» WHAT YOU NEED TO DO: Repeat only the lines below that run from the line with "Saturday in Washington." to the line with "Darren Palmer steht", ends included; skip every picture.

» LISTED RECORDS:
◆ ◆ ◆ ◆ ◆

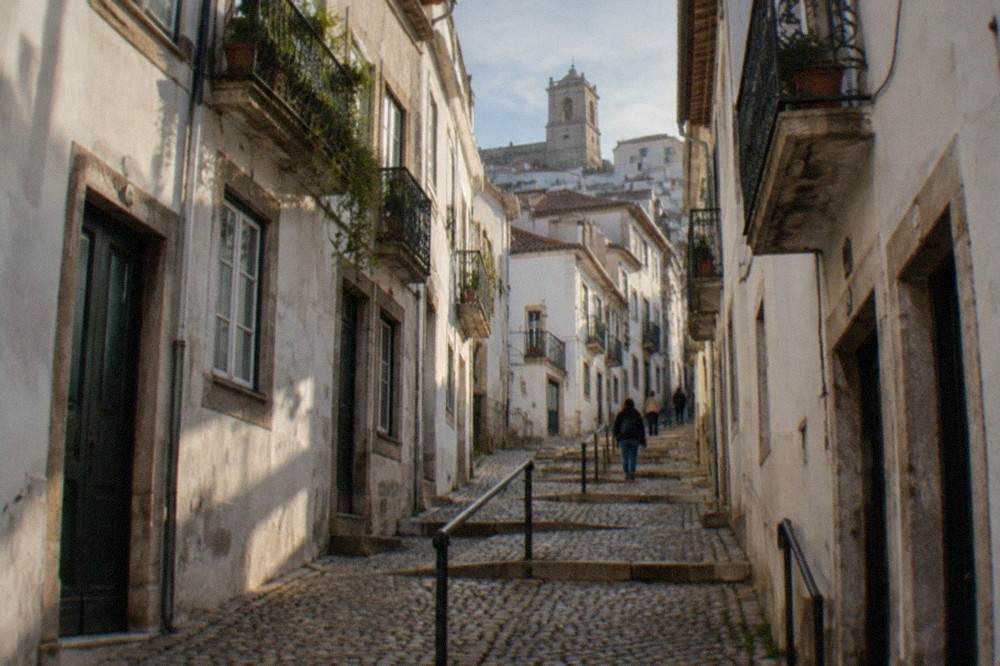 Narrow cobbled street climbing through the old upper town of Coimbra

◆ ◆ ◆ ◆ ◆

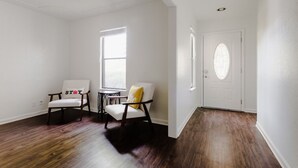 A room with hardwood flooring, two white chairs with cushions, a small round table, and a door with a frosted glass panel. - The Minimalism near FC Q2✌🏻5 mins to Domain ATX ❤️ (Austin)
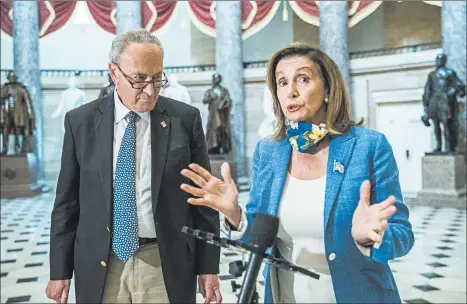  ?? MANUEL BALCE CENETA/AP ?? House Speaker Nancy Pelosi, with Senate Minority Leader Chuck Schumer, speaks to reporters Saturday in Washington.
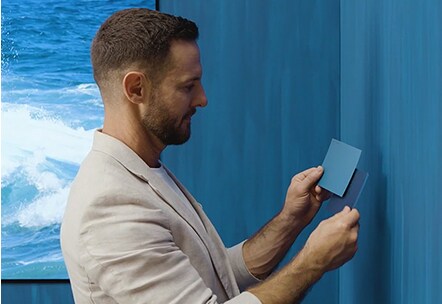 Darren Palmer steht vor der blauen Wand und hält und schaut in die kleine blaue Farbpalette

◆ ◆ ◆ ◆ ◆

» SOLUTION TO THIS PROBLEM:
  ?? MANUEL BALCE CENETA/AP ?? House Speaker Nancy Pelosi, with Senate Minority Leader Chuck Schumer, speaks to reporters Saturday in Washington.
 Darren Palmer steht vor der blauen Wand und hält und schaut in die kleine blaue Farbpalette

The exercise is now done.